Hydrangeas that bloom on new wood, such as snowball hydrangea ‘Annabelle'(h. arborescens)and panicle hydrangea (h. paniculata), are very easy to prune because they sprout new buds after pruning in the spring. They even tolerate radical pruning quite well.
If you want to prune your group 2 hydrangea, you should choose a time before budbreak for this, which is late February or March. Do you want a nice compact plant? Cut all the shoots to 20-30 cm above the ground. Do you want the plant to grow a little taller? Then simply cut off only the dried flowers.
Snowball hydrangea (Hydrangea arborescens) will produce much larger flowers if it is cut back heavily to the ground each year, but many gardeners opt for smaller flowers on sturdier stems. In such cases, pruning should be done in the fall to allow the plants to develop vigorous shoots before flowering. Light pruning is also possible at other times of the year, except just before flowering in spring and early summer.
The branches of some hydrangeas often fall over under the weight of their flowers, especially after heavy rain. One way to prevent this toppling is to prune the stems back to a height of 45 to 60 inches to provide a stable framework for new growth.

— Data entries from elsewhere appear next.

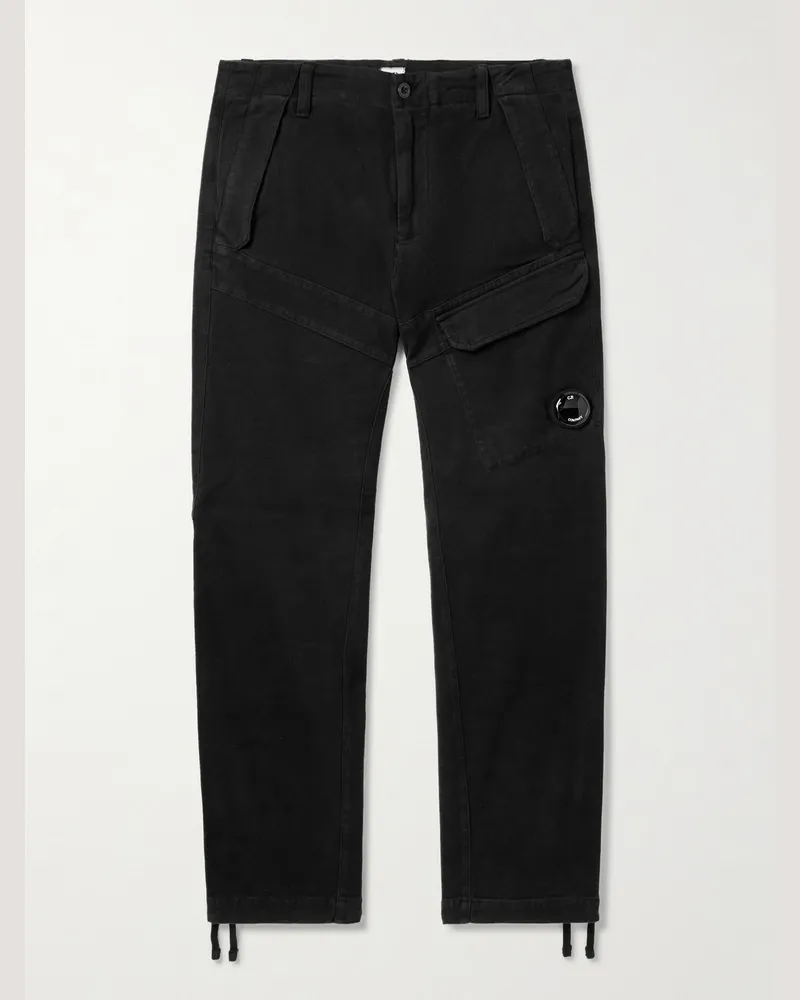 C.P. Company Gerade geschnittene Cargohose aus Stretch-Baumwoll-Moleskin Schwarz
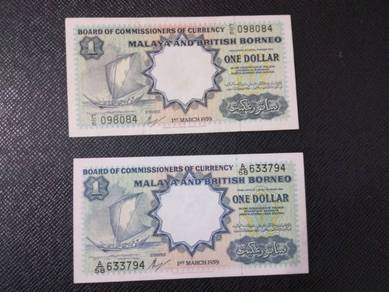 Malaya British Borneo $1 1959 Prefix A & C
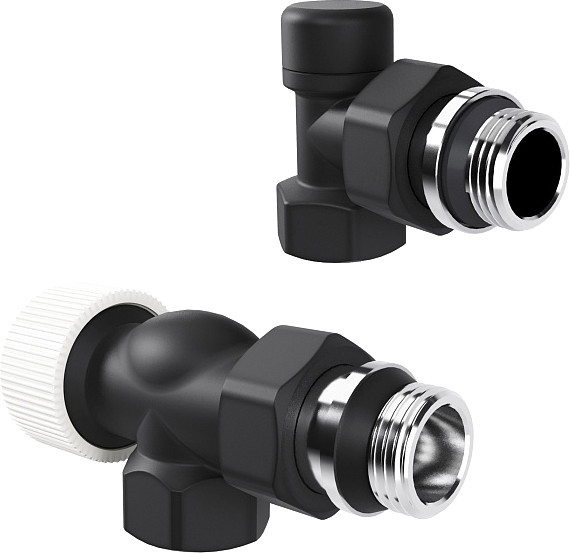 Изображение товара Комплект кранов для инженерного подключения Royal Thermo Design 1/2" М30x1.5 (осевой, черный)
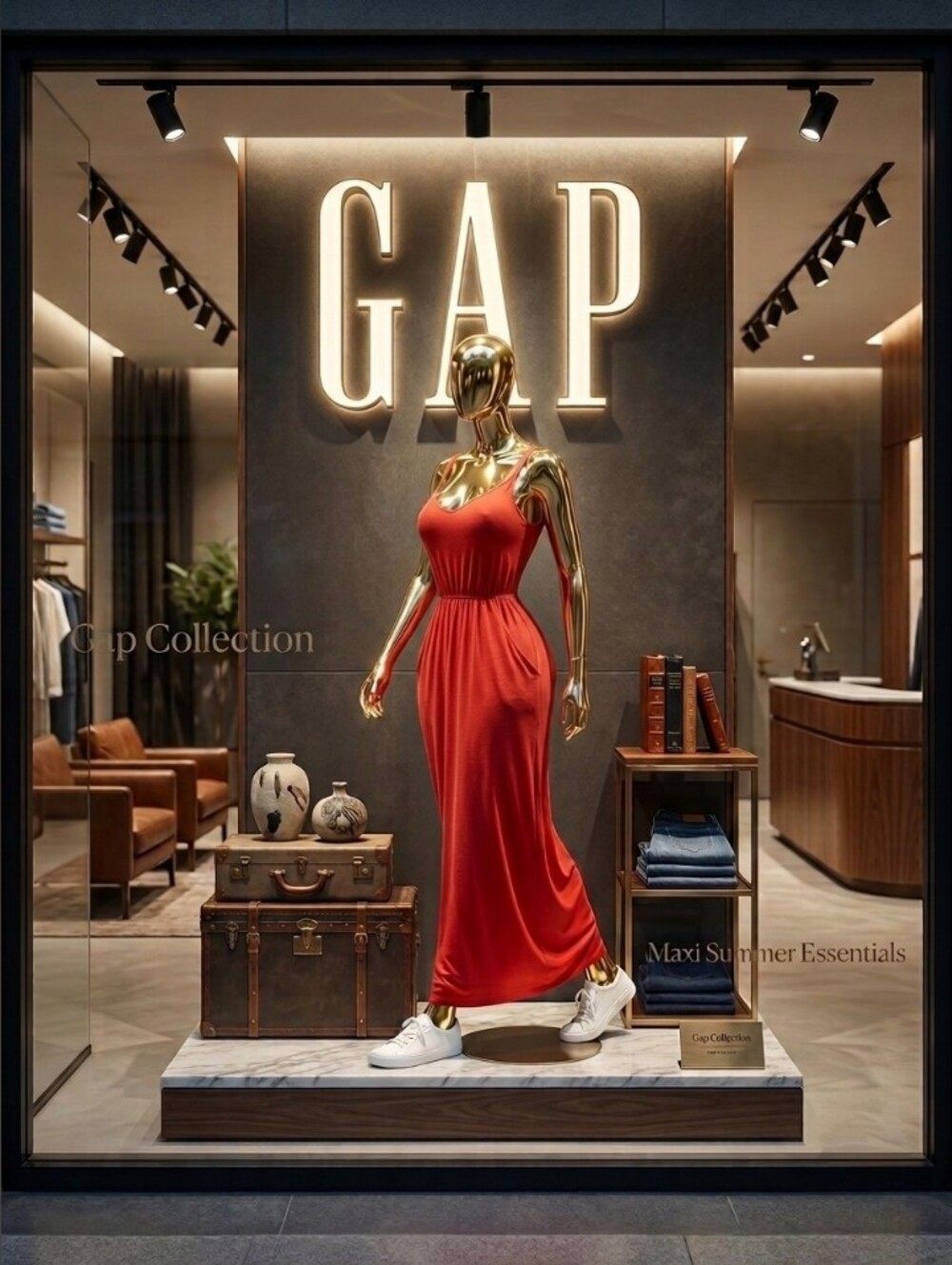 GAP Coral-Red Sleeveless Maxi Dress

Pruning Hydrangea: Summary
In general, varieties that bloom on the old wood should be pruned immediately after flowering. Those that bloom on new wood should be pruned before new growth begins in the spring. Always remove dead, damaged or diseased shoots first when doing routine pruning . When shortening shoots, cut back to just above a pair of healthy buds. Frozen shoots can be cut back to live wood after winter.